I giudici di primo grado avevano inoltre condannato anche le due società Vergine spa e della Vergine srl che avevano gestito la discarica: la prima fino a gennaio 2014 e la seconda per pochi giorni fino al sequestro dell’impianto. Il 15 gennaio scorso il procuratore generale Mario Barruffa aveva chiesto la conferma della sentenza emessa dal tribunale di Taranto, ma i magistrati d’appello hanno dato ragione al collegio difensivo composto dagli avvocati Gianluca Mongelli, Giuseppe Passarelli, Raffaele Errico e Michele Laforgia. Le accuse formulate all’inizio dell’inchiesta dal pubblico ministero Lanfranco Marazia erano, tra le altre, di gestione illecita di rifiuti e getto pericoloso di cose: gli avvocati difensori sono riusciti a dimostrare però che le cose non stavano così. Bisognerà chiaramente attendere il deposito delle motivazioni per comprendere fino in fondo il ragionamento della Corte, ma appare altamente probabile che i giudici abbiano ritenuto che i difensori avessero pienamente ragione quando sostenevano che non vi era la certezza che quegli odori cattivi provenissero proprio dalla discarica.

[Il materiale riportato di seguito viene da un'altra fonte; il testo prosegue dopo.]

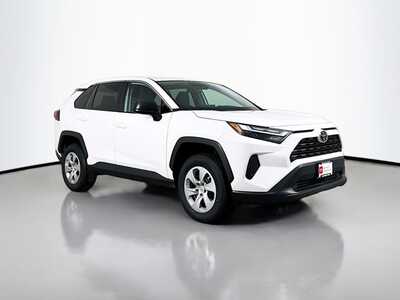 2024 Toyota RAV4, $29977. Photo 1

Per l’accusa in determinanti momenti della giornata le concentrazioni di idrogeno solforato erano nettamente superiori alla soglia prevista: un punto che aveva permesso agli investigatori di sostenere che il cattivo odore che appestava il territorio era una conseguenza della dispersione di sostanze che si sprigionavano durante le operazioni di “abbancamento dei rifiuti ed anche allo spegnimento di alcune torce presenti nell’impianto per la combustione di biogas”. Il collegio difensivo, però, ha spiegato che in occasione di alcuni picchi di sostanze nocive che generavano quei fastidi nella popolazione, le centraline interne all’impianto riportassero valori ben più bassi rispetto a quelli accertati dalle centraline esterne: in sostanza quelle nubi terribili potevano provenire da altri impianti o da altri luoghi come il depuratore o lo sversamento dei liquami effettuato dagli agricoltori. Quanto all’ipotesi gestione illecita dei rifiuti la difesa ha chiarito che a differenza di quanto sostenuto dall’accusa, la discarica Vergine aveva le autorizzazioni a ricevere rifiuti che non necessitavano di trattamenti preliminari e quindi la gestione non aveva nulla di irregolare.

In merito alla posizione di Mario Petrelli, che era stato gestore dell’impianto solo per pochi mesi, l’avvocato Mongelli ha chiarito che Petrelli dopo il sequestro ha provato a mandare avanti l’impianto rispettando il blocco imposto dal sequestro, ma il mancato arrivo di altri rifiuti ha generato un danno economico che non ha permesso di proseguire con le attività di raccolta del percolato. L’assoluzione ha quindi eliminato anche i risarcimenti nei confronti delle diverse parti civili costituite in giudizio tra le quali i Comuni di Taranto, Fragagnano, Lizzano e Faggiano, i circoli di Legambiente di Puglia, Fragagnano e Taranto, assistiti avvocati Eligio Curci e Ludovica Coda, e l’associazione Attiva Lizzano rappresentata dall’avvocato Francesco Nevoli, che è stata protagonista della grande protesta contro le nubi puzzolenti che costringevano gli abitanti dei comuni vicini a barricarsi in casa per intere giornate. A distanza di sei anni dal sequestro, quindi, i cittadini della provincia di Taranto si ritrovano con una discarica sequestrata e abbandonata e disturbi alla salute per cui nessuno pagherà.